Give the lines again exactly as they appear below, from the line with "Portrait of a" to the line with "Versace - Logo-Embroidered", both included, and only those lines. Leave every picture out.

(Stored data Opens)

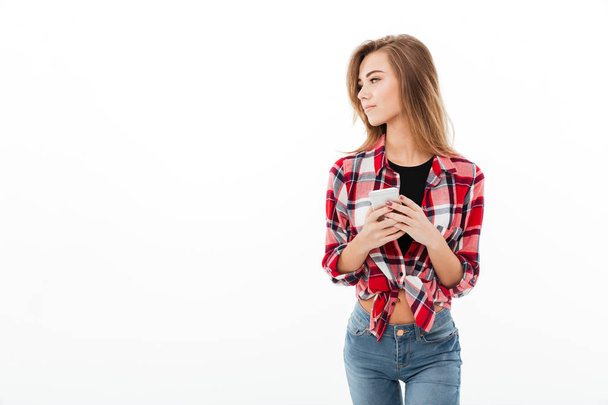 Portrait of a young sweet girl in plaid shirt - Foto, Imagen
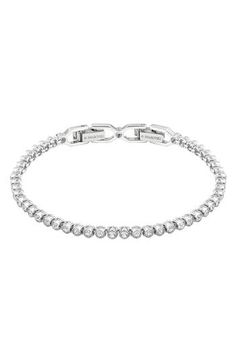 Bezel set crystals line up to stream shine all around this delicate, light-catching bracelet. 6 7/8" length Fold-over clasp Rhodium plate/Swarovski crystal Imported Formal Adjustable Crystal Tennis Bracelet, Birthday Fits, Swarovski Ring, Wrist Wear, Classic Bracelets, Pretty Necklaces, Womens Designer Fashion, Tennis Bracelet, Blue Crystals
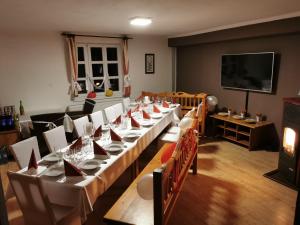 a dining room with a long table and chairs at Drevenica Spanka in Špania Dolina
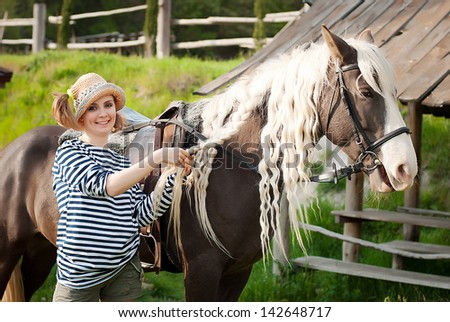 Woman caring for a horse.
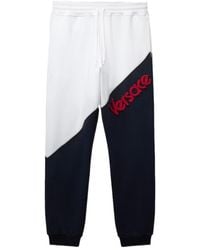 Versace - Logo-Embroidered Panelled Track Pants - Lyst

(Stored data Closes)
(Stored data Opens)

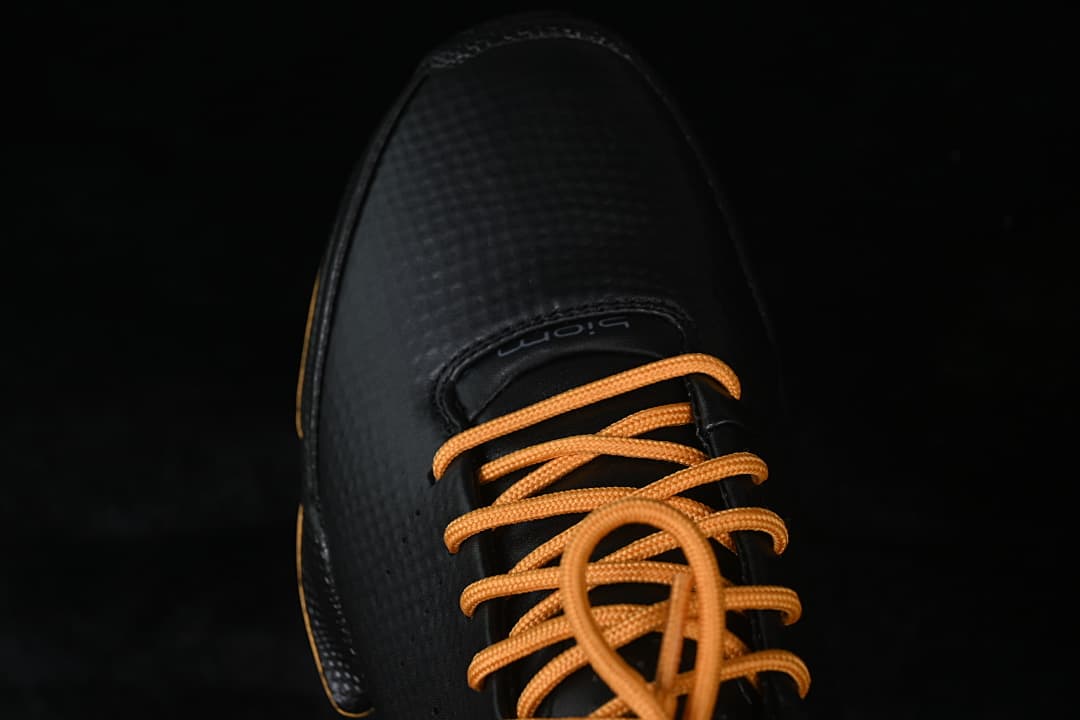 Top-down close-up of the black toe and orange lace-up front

(Stored data Closes)

Response for this exercise:
 Portrait of a young sweet girl in plaid shirt - Foto, Imagen
 Bezel set crystals line up to stream shine all around this delicate, light-catching bracelet. 6 7/8" length Fold-over clasp Rhodium plate/Swarovski crystal Imported Formal Adjustable Crystal Tennis Bracelet, Birthday Fits, Swarovski Ring, Wrist Wear, Classic Bracelets, Pretty Necklaces, Womens Designer Fashion, Tennis Bracelet, Blue Crystals
 a dining room with a long table and chairs at Drevenica Spanka in Špania Dolina
 Woman caring for a horse.
 Versace - Logo-Embroidered Panelled Track Pants - Lyst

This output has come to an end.